小原山王山城跡〈おはらさんのうさんじょうあと〉(美作市古町)

 城全体にあらゆる防御施設を配備。

淡相城跡〈あわいじょうあと〉(美作市粟井中)

 大規模かつ複雑な防御施設。

鞍懸城跡〈くらかけじょうあと〉(美作市田殿・楢原中)

 壮大な切岸で守られた南北朝期の城。

井内城跡〈いのうちじょうあと〉(美作市下山)

 曲輪を守る堅固な防御線。

大別当城跡〈だいべっとうじょうあと〉(奈義町高円・関本)

 日本原高原や津山盆地を一望。

江原城跡〈えはらじょうあと〉(美咲町里)

 主郭を守る急傾斜で高い切岸。

伊勢畑城跡〈いせはたじょうあと〉(岡山市北区下神目、久米南町上神目)

 土塁を多用した複雑な縄張り。

 このほかにも魅力的な城館跡がたくさんありましたが、以上はほんの一部。

 おかげさまで多くの方々の御協力により、無事に今年度の事業を終えることができました。

 さて、平成28年度は美作に加えて備中の城館跡も本格的に攻める予定です。さらなる調査成果に御期待ください。(S・Y・A)

春先に訪れた小原山王山城跡(美作市)
春先に訪れた小原山王山城跡(美作市)

大別当城跡(奈義町)からの眺望
大別当城跡(奈義町)からの眺望

第23号

呼び名に「尼」がつく城

 平成27年度に予定していた美作地域の現地調査もあと少しで終了となりますが、最近、この地域の山城について調査員の間で"あること"が話題になっています。実は美作国には「尼〈あま〉ヶ城」や「比丘尼〈びくに〉城」のように、呼び名に「尼」がつく城が13か所もあるのです(「比丘尼」の誤称「比丘」を含む)。しかも、美作市には9城、鏡野町に2城、奈義町と西粟倉村に各1城ありますが、津山市、真庭市、新庄村、勝央町、久米南町、美咲町では確認できていません。岡山県内に広げても、岡山市と井原市の2城しか見当たらず、総じて美作国でも東部にこうした城の名前が集中しています(表1・図1)。「尼」や「比丘尼」は仏門に入った女性を指しますが、なぜこの地域にこうした呼び名の城が多く見られるのでしょうか。

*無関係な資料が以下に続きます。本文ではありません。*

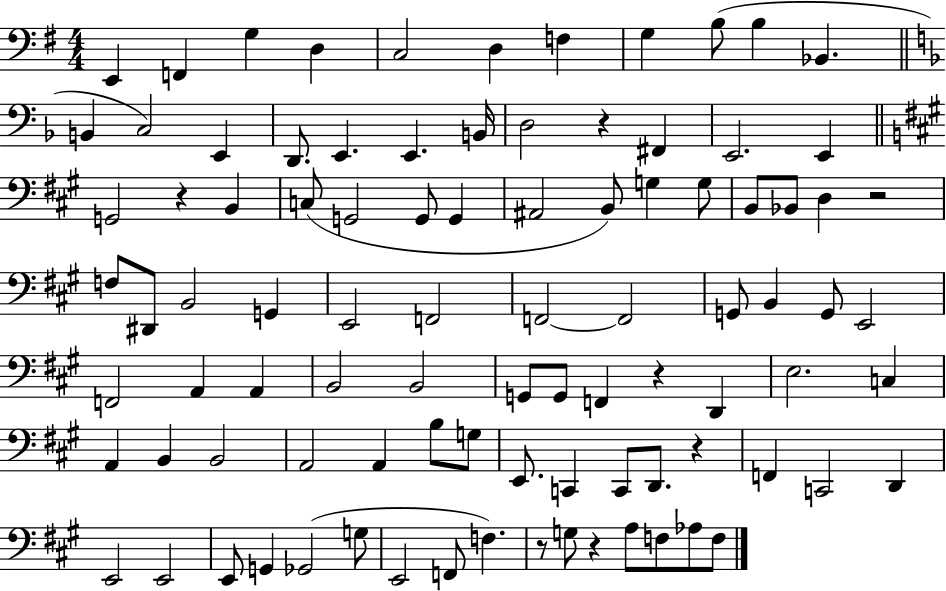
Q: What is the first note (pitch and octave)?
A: E2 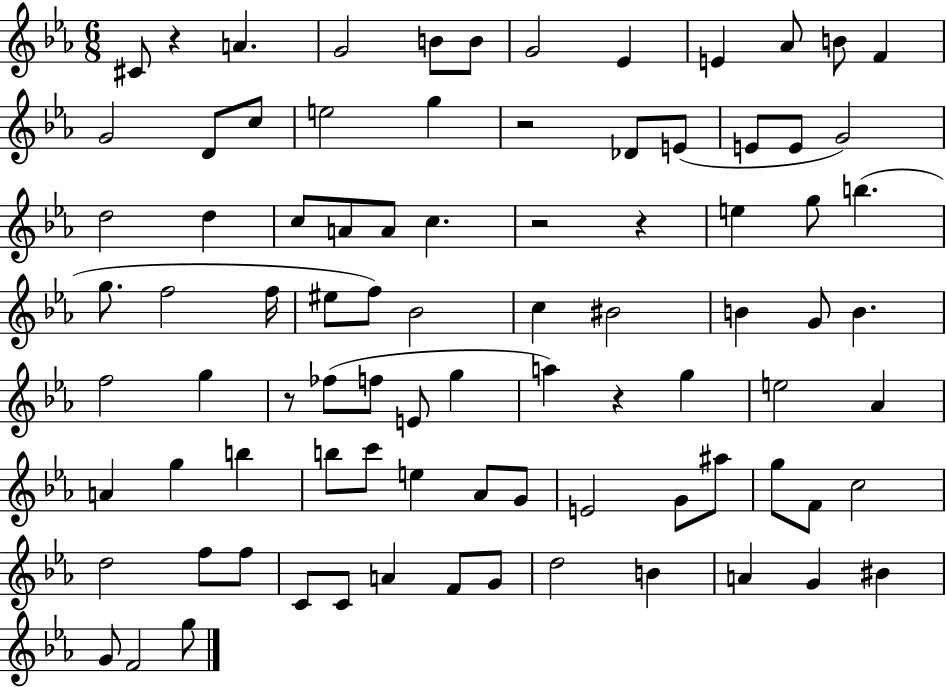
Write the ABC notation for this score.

X:1
T:Untitled
M:6/8
L:1/4
K:Eb
^C/2 z A G2 B/2 B/2 G2 _E E _A/2 B/2 F G2 D/2 c/2 e2 g z2 _D/2 E/2 E/2 E/2 G2 d2 d c/2 A/2 A/2 c z2 z e g/2 b g/2 f2 f/4 ^e/2 f/2 _B2 c ^B2 B G/2 B f2 g z/2 _f/2 f/2 E/2 g a z g e2 _A A g b b/2 c'/2 e _A/2 G/2 E2 G/2 ^a/2 g/2 F/2 c2 d2 f/2 f/2 C/2 C/2 A F/2 G/2 d2 B A G ^B G/2 F2 g/2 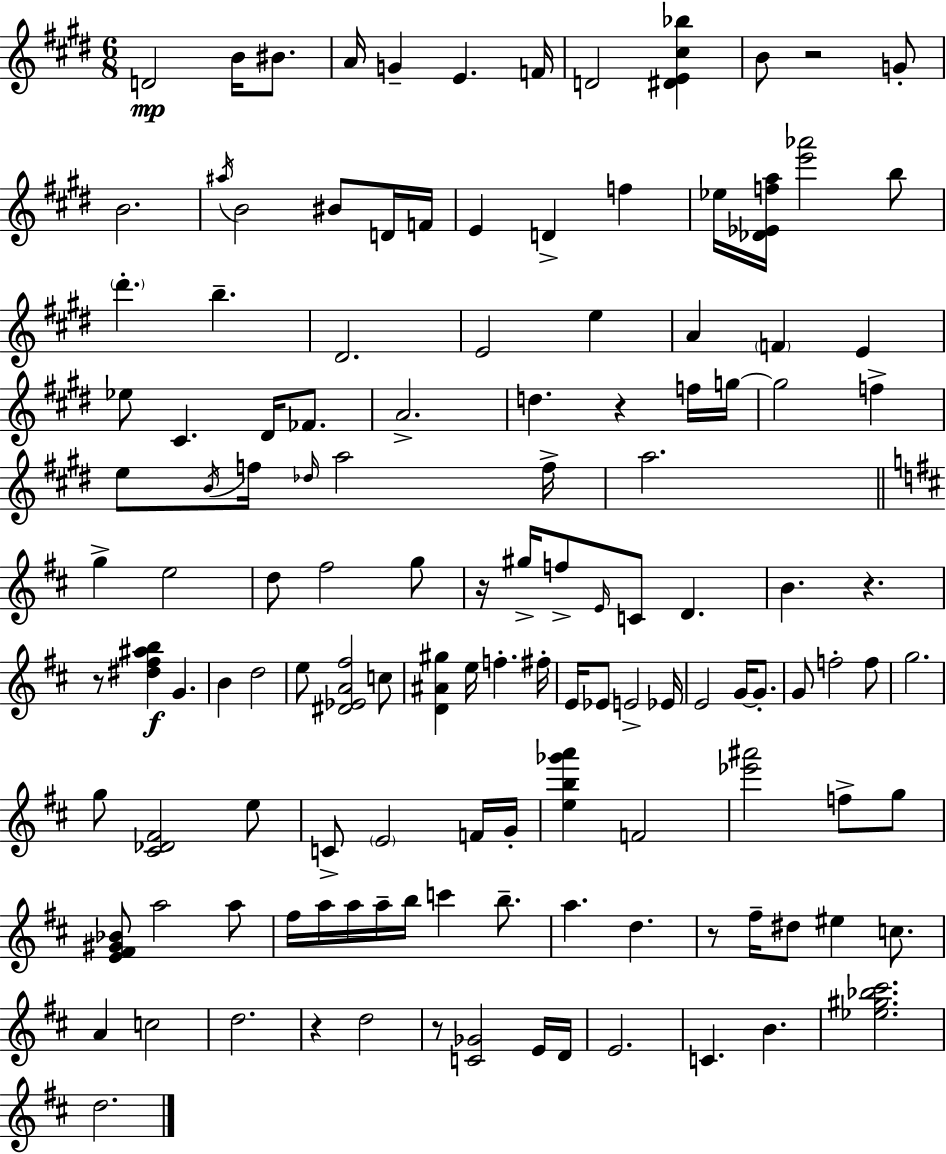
D4/h B4/s BIS4/e. A4/s G4/q E4/q. F4/s D4/h [D#4,E4,C#5,Bb5]/q B4/e R/h G4/e B4/h. A#5/s B4/h BIS4/e D4/s F4/s E4/q D4/q F5/q Eb5/s [Db4,Eb4,F5,A5]/s [E6,Ab6]/h B5/e D#6/q. B5/q. D#4/h. E4/h E5/q A4/q F4/q E4/q Eb5/e C#4/q. D#4/s FES4/e. A4/h. D5/q. R/q F5/s G5/s G5/h F5/q E5/e B4/s F5/s Db5/s A5/h F5/s A5/h. G5/q E5/h D5/e F#5/h G5/e R/s G#5/s F5/e E4/s C4/e D4/q. B4/q. R/q. R/e [D#5,F#5,A#5,B5]/q G4/q. B4/q D5/h E5/e [D#4,Eb4,A4,F#5]/h C5/e [D4,A#4,G#5]/q E5/s F5/q. F#5/s E4/s Eb4/e E4/h Eb4/s E4/h G4/s G4/e. G4/e F5/h F5/e G5/h. G5/e [C#4,Db4,F#4]/h E5/e C4/e E4/h F4/s G4/s [E5,B5,Gb6,A6]/q F4/h [Eb6,A#6]/h F5/e G5/e [E4,F#4,G#4,Bb4]/e A5/h A5/e F#5/s A5/s A5/s A5/s B5/s C6/q B5/e. A5/q. D5/q. R/e F#5/s D#5/e EIS5/q C5/e. A4/q C5/h D5/h. R/q D5/h R/e [C4,Gb4]/h E4/s D4/s E4/h. C4/q. B4/q. [Eb5,G#5,Bb5,C#6]/h. D5/h. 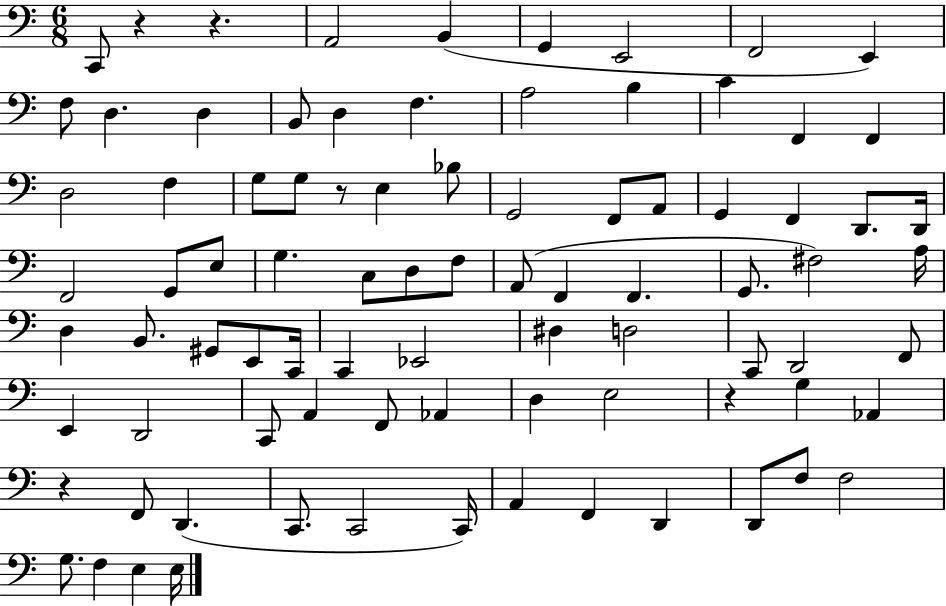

表1 岡山県内の呼び名に「尼」がつく山城一覧(「比丘」を含む)
No. 城名[別称] 所在地 備考
尼城・比丘尼ヶ城[黒山城] 西粟倉村長尾・美作市東吉田 春名新治郎の居城。尼子晴久により落城。
比久尼ヶ城[蜂谷城] 美作市宮本 城主不詳。
比丘尼ヶ城 美作市川上 城主不詳。山名時氏により落城。
尼ヶ城 美作市川上 城主不詳。山名時氏の執事小林重長により落城。
尼山城・比丘尼ヶ城 美作市壬生・沢田 赤松一族の居城。
比丘尼城 美作市長谷内・大町 尼子氏の城。技巧的な縄張り。
比丘ヶ城[天王山城・松田城] 美作市上福原 城主松田岩之丞が康安年間に山名氏と合戦、討死。
比丘ヶ城 美作市山口 安東千代一丸(康永年間)、安東左右馬助が居城。
比丘尼城 美作市楢原中 「金焼山」といわれる。
10 尼ヶ城 美作市北山 城主不詳。尼子氏の城。技巧的な縄張り。
11 比久尼城 勝田郡奈義町中島東 昔、比丘尼が居住。尼子氏の陣。
12 比丘尼城・比丘尼ヶ城[下原城] 鏡野町久田下原 城主不詳。発掘調査実施。室町時代前半の山城。
13 比丘尼ヶ城・びくにヶ城・ビクニガ城 鏡野町富西谷 土豪層の持城。
14 比丘尼城[国富城] 岡山市中区国富 城主は国富左衛門佐・国富源左衛門。
15 尼子城・尼ヶ城 井原市美星町星田 城主不詳。尼子家臣が拠る。

山城分布
図1 岡山県内の呼び名に「尼」がつく山城分布図(「比丘」を含む)

  • 現在の行政的区域と旧国の範囲は一部異なる。
  • No.4尼ヶ城の築城場所は未詳。

「調査員だより」第17号で触れているように、中世に築かれた城は当時の呼び名が分からないものが多く、現在の呼び名は江戸時代に著された軍記物や地誌などにもとづいています。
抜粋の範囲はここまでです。